Mindestens einmal pro Monat erhalte ich Spam-Werbung, ich solle meine Schallplatten vor dem Verfall retten und sie durch Erwerb eines Umwandlungs-Systems auf CD übertragen. Nachdem die Schallplatte als Tonträger totgesagt worden war, überlebte sie dank einiger Klangästhetiker, die auf das satte, auf CD nicht zu erzielende Musikerlebnis nicht verzichten wollten – wie auch durch das von DJs praktizierte Scratching. Unlängst erreichte die Musikfreunde aus den USA die Meldung, inzwischen habe die Produktion neuer Vinyl-Schallplatten den Markt neu hergestellter CDs überrundet.

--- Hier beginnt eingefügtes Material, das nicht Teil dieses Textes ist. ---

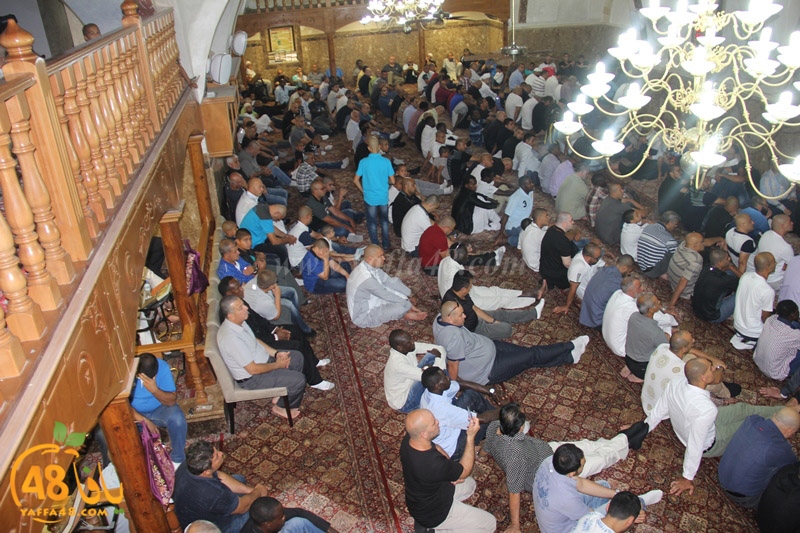 3ed ad7a mahmoudaia (14).JPG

Daran musste ich denken, als das Schlussbild von „Walk the Walk“ im tricky Black-Box-Bühnenbild den Blick auf einen zentralen Schallplattenspieler freigab, auf welchem eine zu langsam abgespielte Aufnahme von „Wanderers Nachtlied“ ihre Runden drehte.

Beim Einlass war auf dem Sitzplatz der errichteten Tribüne das Programmheft des Abends zu finden; doch der jüngst an der Deutschen Oper Berlin eingeführten Praxis folgend, beschränken sich nun auch an der Staatsoper die Informationen zum Stück auf ein gefaltetes DIN A4-Blatt mit dem Hinweis, „Das komplette Programmheft steht Ihnen digital zum Download auf unserer Website zur Verfügung.“

Die „Walk the Walk“-Produktion wäre an jeder Sprechbühne oder Spielstätte der freien Szene genauso gut platziert gewesen – denn mit Musiktheater hat dieser Performance-Abend relativ wenig zu tun. Der in Berlin lebende dänische Komponist und Performer zeigt sich hier in zweiter Funktion. Denn die von Pro Helvetia, Danish Arts Foundation, Impuls neue Musik und von der Schweizerischen Botschaft geförderte Uraufführung bietet außer elektronischen Geräuschen durch Frequenzüberlagerung, der Auf- und Abfahrt eines Mikrofons, eingespielt beschleunigten und sich verlangsamenden Herzschlägen sowie in einer Szene live eingesetzter Trommel, Harmonika und Maultrommel weniger Musik als ein durchschnittlicher Schauspielabend.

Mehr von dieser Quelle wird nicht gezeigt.